## Work request
The full listing is needed, transcribed word for word.

## Information provided
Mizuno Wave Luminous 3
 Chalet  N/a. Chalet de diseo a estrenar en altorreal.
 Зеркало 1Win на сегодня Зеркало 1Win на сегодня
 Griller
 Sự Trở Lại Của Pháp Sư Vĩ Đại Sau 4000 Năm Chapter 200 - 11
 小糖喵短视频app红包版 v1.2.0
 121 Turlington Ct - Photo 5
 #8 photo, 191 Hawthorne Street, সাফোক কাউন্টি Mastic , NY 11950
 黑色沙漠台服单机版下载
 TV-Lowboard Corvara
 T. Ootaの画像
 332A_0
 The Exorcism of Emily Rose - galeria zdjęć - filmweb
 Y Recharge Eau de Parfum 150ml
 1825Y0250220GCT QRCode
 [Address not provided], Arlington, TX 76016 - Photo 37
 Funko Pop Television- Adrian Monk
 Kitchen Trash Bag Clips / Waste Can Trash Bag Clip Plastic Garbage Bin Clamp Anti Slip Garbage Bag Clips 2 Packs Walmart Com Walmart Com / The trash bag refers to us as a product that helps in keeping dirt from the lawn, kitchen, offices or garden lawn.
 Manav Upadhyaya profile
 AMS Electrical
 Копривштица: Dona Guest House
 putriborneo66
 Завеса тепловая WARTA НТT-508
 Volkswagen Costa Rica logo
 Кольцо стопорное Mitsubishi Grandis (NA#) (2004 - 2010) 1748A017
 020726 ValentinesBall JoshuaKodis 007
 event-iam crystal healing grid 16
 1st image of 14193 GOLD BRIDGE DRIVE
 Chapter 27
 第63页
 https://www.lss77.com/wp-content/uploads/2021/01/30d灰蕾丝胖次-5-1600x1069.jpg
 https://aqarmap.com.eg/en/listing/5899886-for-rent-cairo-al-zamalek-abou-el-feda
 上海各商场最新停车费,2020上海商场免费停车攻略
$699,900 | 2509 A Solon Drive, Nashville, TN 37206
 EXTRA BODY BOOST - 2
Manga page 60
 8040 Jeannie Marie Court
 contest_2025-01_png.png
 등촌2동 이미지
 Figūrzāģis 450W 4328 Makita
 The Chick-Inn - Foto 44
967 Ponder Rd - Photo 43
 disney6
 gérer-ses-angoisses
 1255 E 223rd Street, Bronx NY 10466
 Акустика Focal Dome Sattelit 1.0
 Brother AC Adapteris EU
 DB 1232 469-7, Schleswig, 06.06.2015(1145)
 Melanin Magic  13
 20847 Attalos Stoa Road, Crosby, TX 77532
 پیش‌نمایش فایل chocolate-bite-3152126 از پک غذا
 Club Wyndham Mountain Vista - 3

## Task answer
Mizuno Wave Luminous 3
 Chalet  N/a. Chalet de diseo a estrenar en altorreal.
 Зеркало 1Win на сегодня Зеркало 1Win на сегодня
 Griller
 Sự Trở Lại Của Pháp Sư Vĩ Đại Sau 4000 Năm Chapter 200 - 11
 小糖喵短视频app红包版 v1.2.0
 121 Turlington Ct - Photo 5
 #8 photo, 191 Hawthorne Street, সাফোক কাউন্টি Mastic , NY 11950
 黑色沙漠台服单机版下载
 TV-Lowboard Corvara
 T. Ootaの画像
 332A_0
 The Exorcism of Emily Rose - galeria zdjęć - filmweb
 Y Recharge Eau de Parfum 150ml
 1825Y0250220GCT QRCode
 [Address not provided], Arlington, TX 76016 - Photo 37
 Funko Pop Television- Adrian Monk
 Kitchen Trash Bag Clips / Waste Can Trash Bag Clip Plastic Garbage Bin Clamp Anti Slip Garbage Bag Clips 2 Packs Walmart Com Walmart Com / The trash bag refers to us as a product that helps in keeping dirt from the lawn, kitchen, offices or garden lawn.
 Manav Upadhyaya profile
 AMS Electrical
 Копривштица: Dona Guest House
 putriborneo66
 Завеса тепловая WARTA НТT-508
 Volkswagen Costa Rica logo
 Кольцо стопорное Mitsubishi Grandis (NA#) (2004 - 2010) 1748A017
 020726 ValentinesBall JoshuaKodis 007
 event-iam crystal healing grid 16
 1st image of 14193 GOLD BRIDGE DRIVE
 Chapter 27
 第63页
 https://www.lss77.com/wp-content/uploads/2021/01/30d灰蕾丝胖次-5-1600x1069.jpg
 https://aqarmap.com.eg/en/listing/5899886-for-rent-cairo-al-zamalek-abou-el-feda
 上海各商场最新停车费,2020上海商场免费停车攻略
$699,900 | 2509 A Solon Drive, Nashville, TN 37206
 EXTRA BODY BOOST - 2
Manga page 60
 8040 Jeannie Marie Court
 contest_2025-01_png.png
 등촌2동 이미지
 Figūrzāģis 450W 4328 Makita
 The Chick-Inn - Foto 44
967 Ponder Rd - Photo 43
 disney6
 gérer-ses-angoisses
 1255 E 223rd Street, Bronx NY 10466
 Акустика Focal Dome Sattelit 1.0
 Brother AC Adapteris EU
 DB 1232 469-7, Schleswig, 06.06.2015(1145)
 Melanin Magic  13
 20847 Attalos Stoa Road, Crosby, TX 77532
 پیش‌نمایش فایل chocolate-bite-3152126 از پک غذا
 Club Wyndham Mountain Vista - 3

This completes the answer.